-- EXERCISE DATA follows --

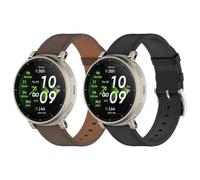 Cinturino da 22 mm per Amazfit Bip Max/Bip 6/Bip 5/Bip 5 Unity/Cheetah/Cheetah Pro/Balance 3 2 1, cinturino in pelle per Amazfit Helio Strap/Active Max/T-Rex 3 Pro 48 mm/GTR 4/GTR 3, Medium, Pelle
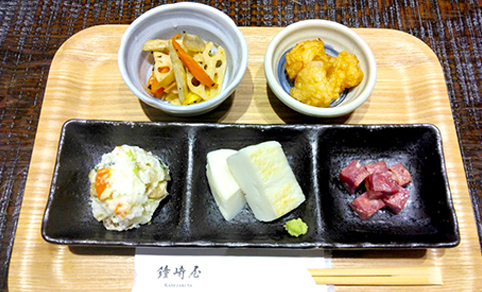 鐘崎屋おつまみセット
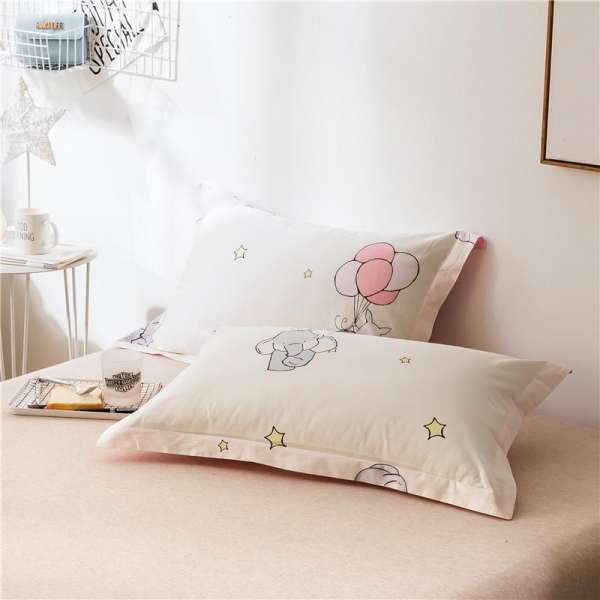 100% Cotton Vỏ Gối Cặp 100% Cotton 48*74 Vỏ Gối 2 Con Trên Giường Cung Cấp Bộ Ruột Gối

-- EXERCISE DATA concluded --

- _AIM OF THE TASK_: Reproduce the material word for word, but without its images.

- _SOLUTION_:
 Cinturino da 22 mm per Amazfit Bip Max/Bip 6/Bip 5/Bip 5 Unity/Cheetah/Cheetah Pro/Balance 3 2 1, cinturino in pelle per Amazfit Helio Strap/Active Max/T-Rex 3 Pro 48 mm/GTR 4/GTR 3, Medium, Pelle
 鐘崎屋おつまみセット
 100% Cotton Vỏ Gối Cặp 100% Cotton 48*74 Vỏ Gối 2 Con Trên Giường Cung Cấp Bộ Ruột Gối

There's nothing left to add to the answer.